[Task brief]: Starting with the line that contains "Mobile Alto da", repeat exactly every line through the last one in the records below, and leave out the pictures.

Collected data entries
--------

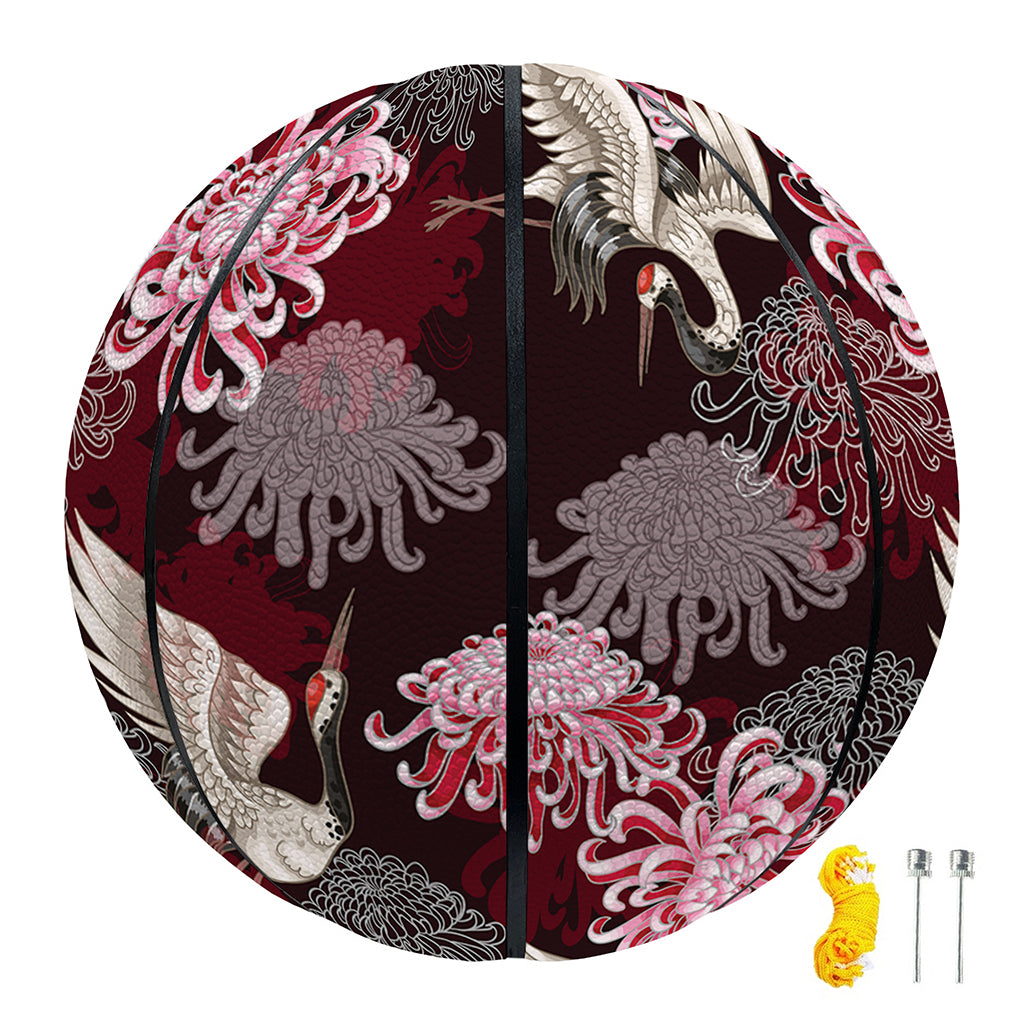 Japanese Cranes And Chrysanthemums Print Basketball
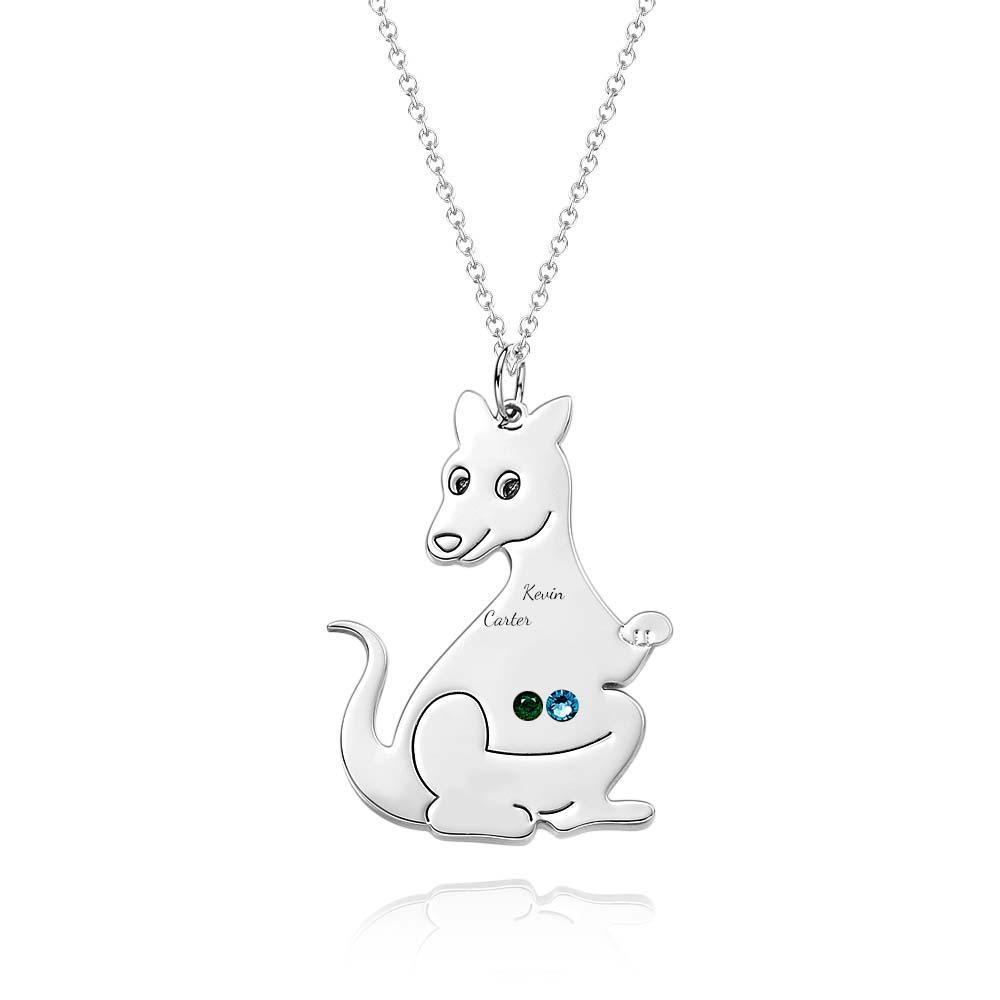 Collana Con Simpatico Canguro Incidibile Con Pietre Portafortuna, Adorabili Regali Per Le Donne - soufeelit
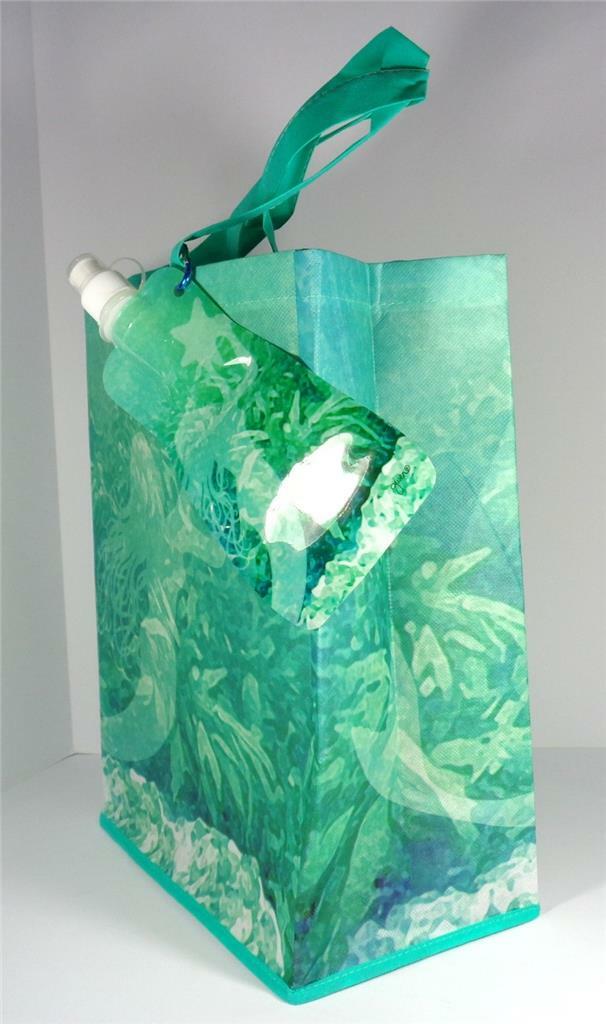 NAUTICAL MERMAID STARFISH SEA LIFE RECYCLED MATERIAL BEACH BAG & WATER BOTTLE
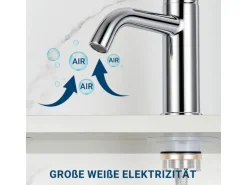 AICA Wasserhahn Chrom Bad Niedriger Waschtischarmatur Waschbecken Armaturen 304 Edelstahl Einhebelmischer Mischbatterie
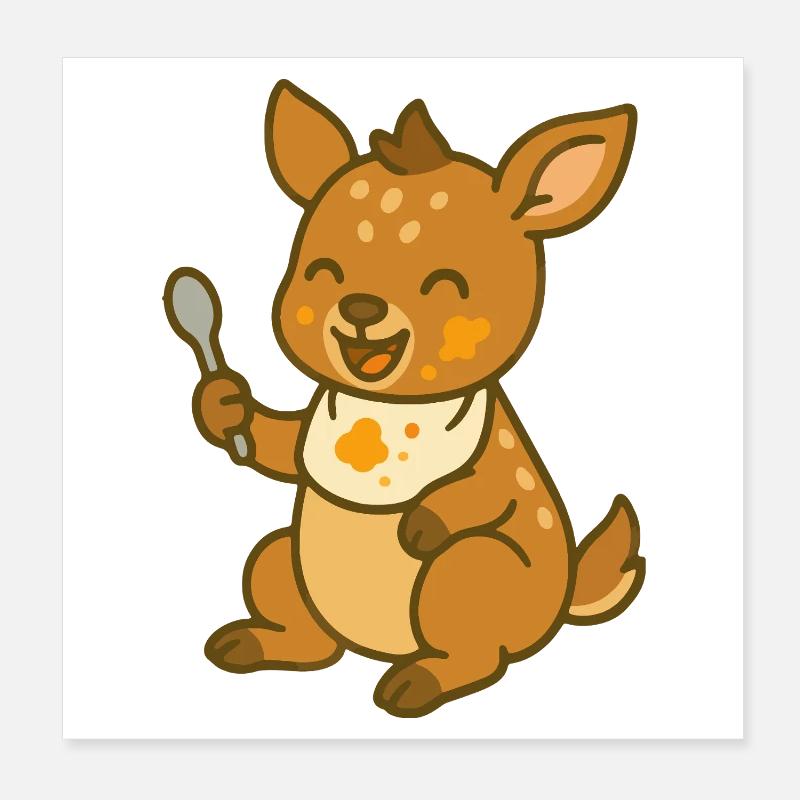 Nourrir avec le faon – Mignon bébé de la forêt Poster 20 x 20 cm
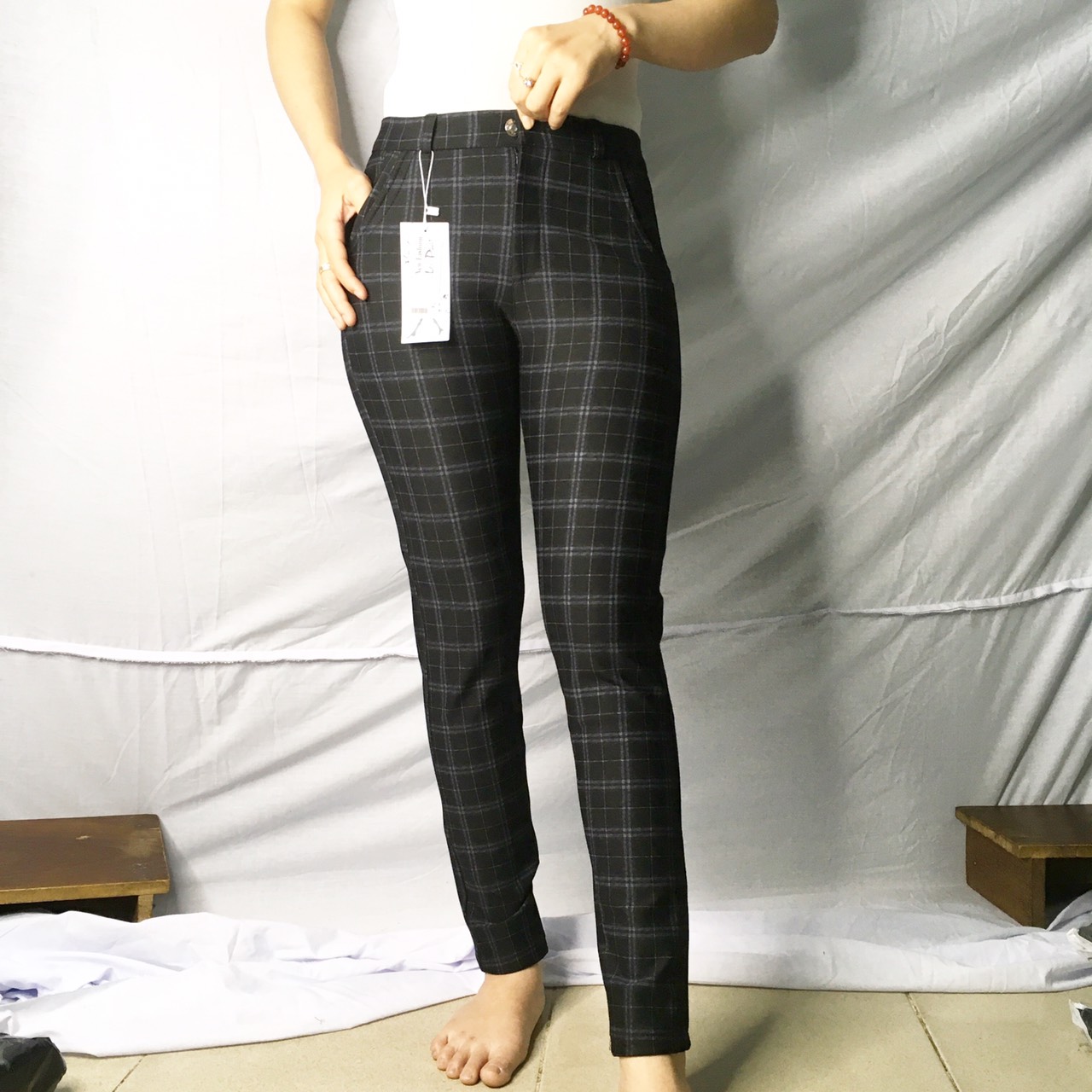 [HCM]Quần cotton sọc caro dài dây kéo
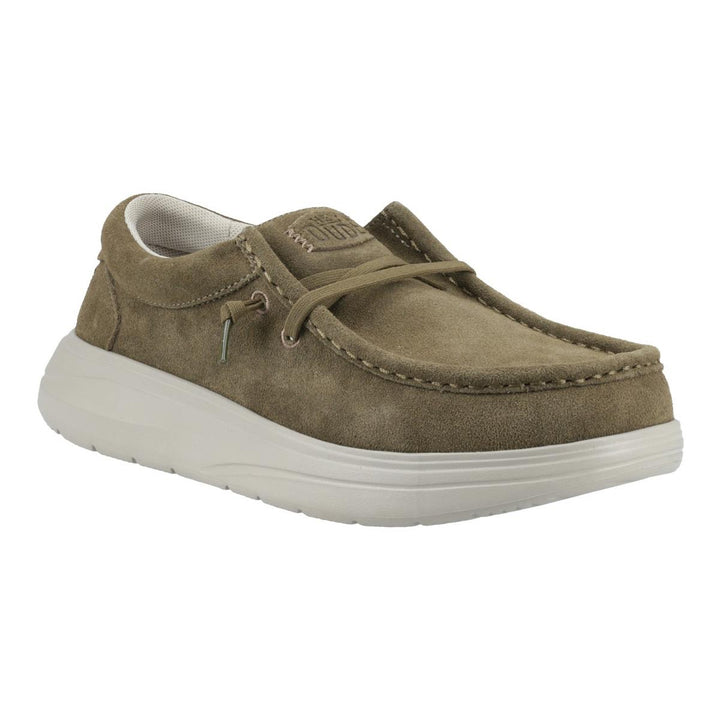 HEYDUDE Wally X Suede Shoes Dark Olive/Stone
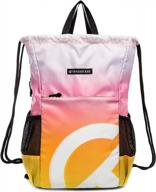 trailkicker water resistant drawstring backpack with pockets for men and women: perfect for sports, the gym, and more! logo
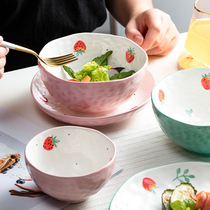 Japanese tableware Bowl Bowl cute girl heart creative personality ceramic bowl single rice bowl dish set to eat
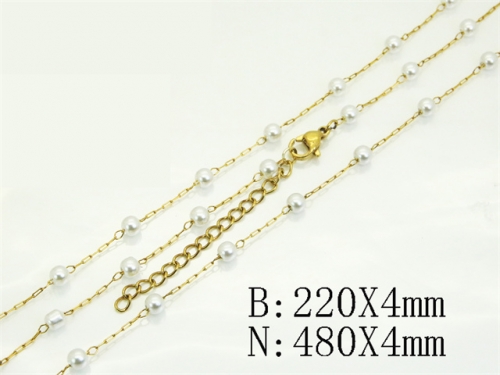 HY Wholesale Stainless Steel 316L Necklaces Bracelets Sets-HY53S0309NB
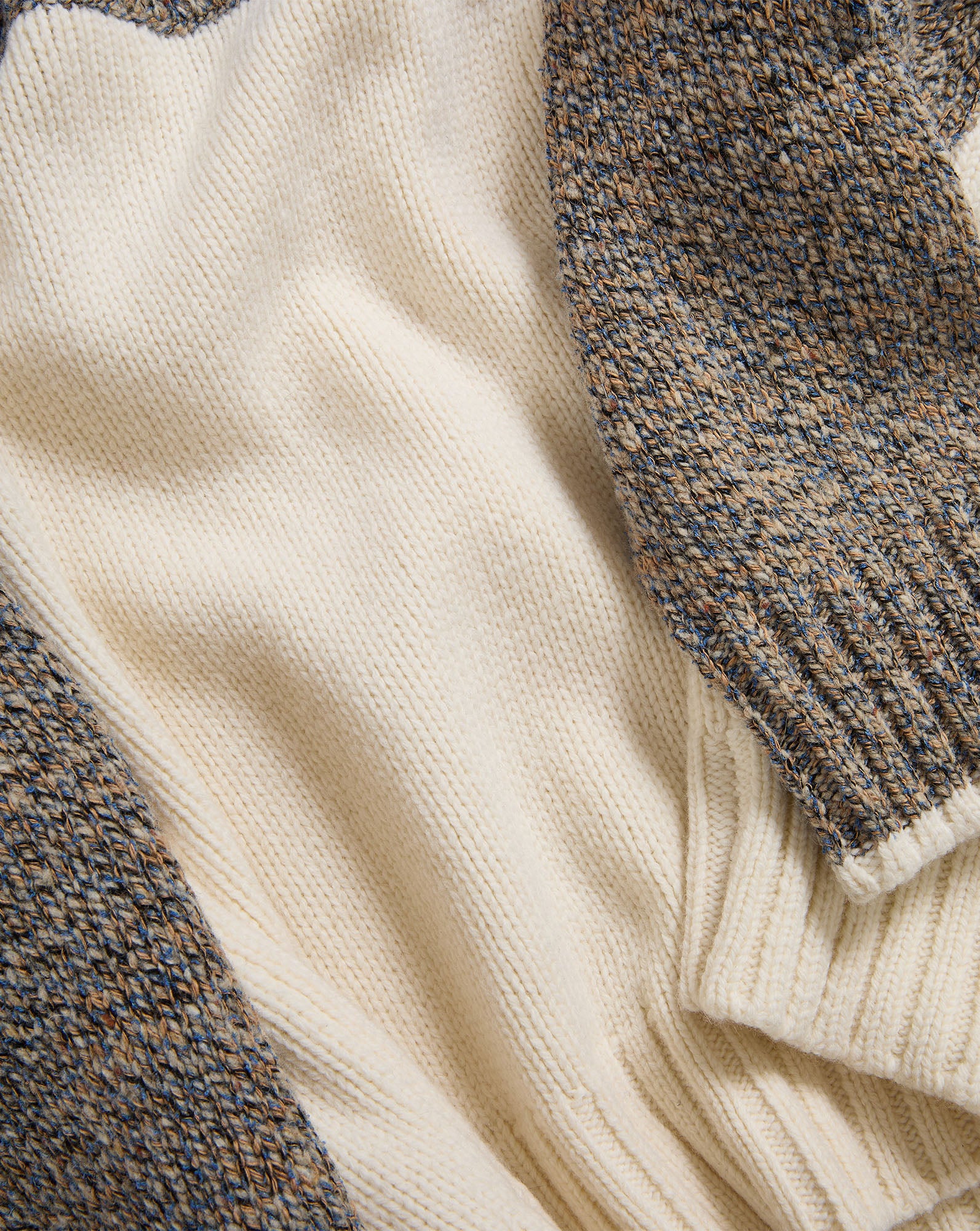 Veronica Beard Cream and brown knit cardigan with textured weave.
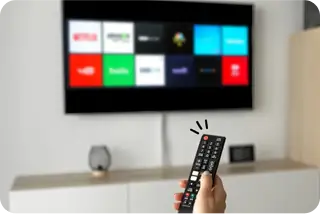 Person dealing with app issues on their Samsung TV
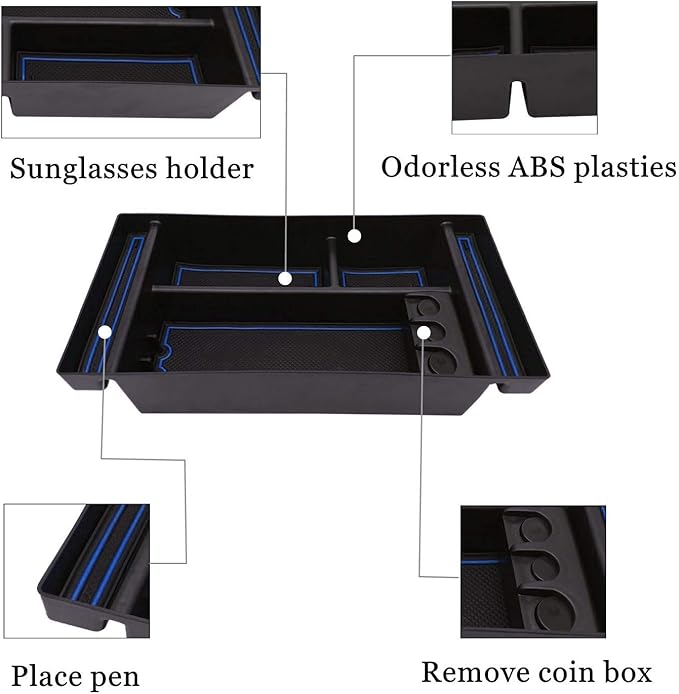 JOJOMARK Center Console Organizer Tray fits for 2019-2022 GMC Sierra/Chevy Silverado 1500 Accessories, 2020-2021 2022 2023 Silverado/Sierra 2500 HD/3500 HD (Half-size, Blue)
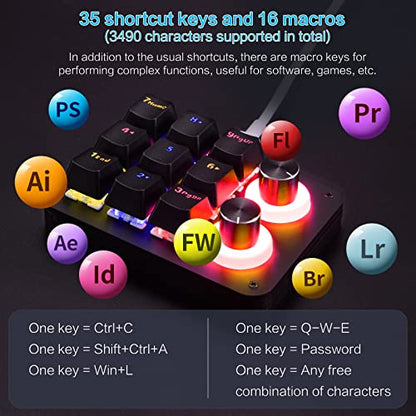 Koolertron 9-Key Mechanical Numpad with 2 Programmable Knobs, LED Backlit Macro Gaming Keyboard, Fully Customizable Numeric Keypad for PC - style: 9 Keys/Red switches/RGB Backlight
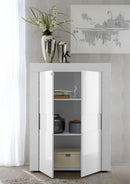 Mobile Alto da Salotto 2 Porte 92x42x125cm TFT  Build Bianco Lucido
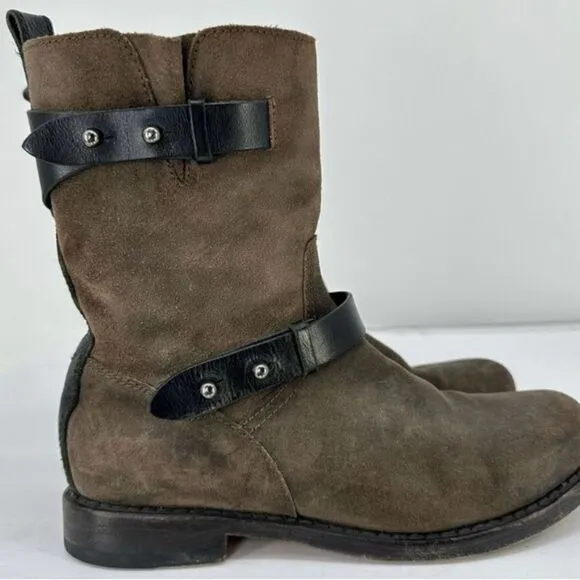 #120 RAG &amp; BONE Waxed Calfskin Moto Boots Size 38/8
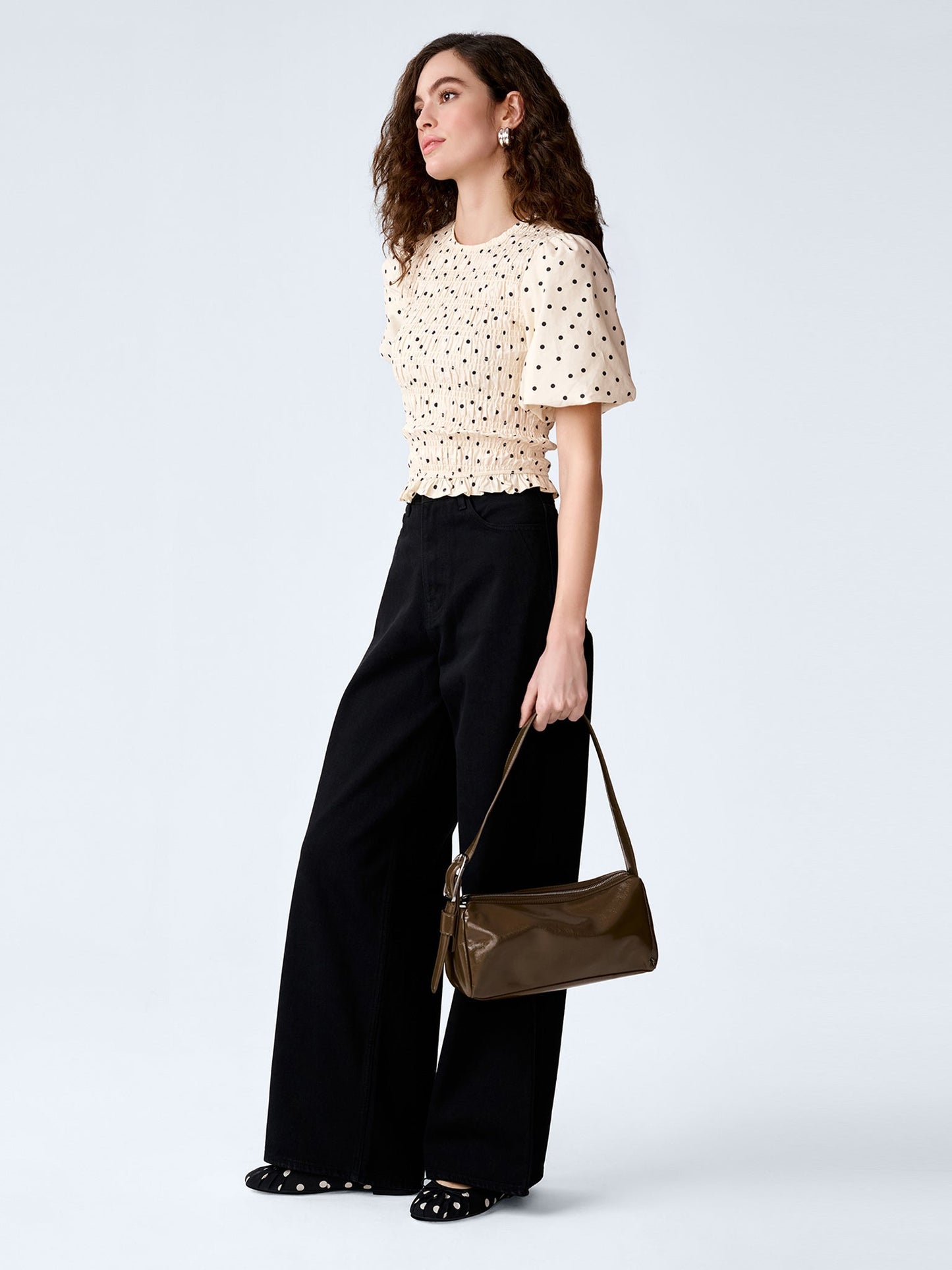 Nicolla Top in White Polka Dot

--------

[Exercise answer]:
 Mobile Alto da Salotto 2 Porte 92x42x125cm TFT  Build Bianco Lucido
 #120 RAG &amp; BONE Waxed Calfskin Moto Boots Size 38/8
 Nicolla Top in White Polka Dot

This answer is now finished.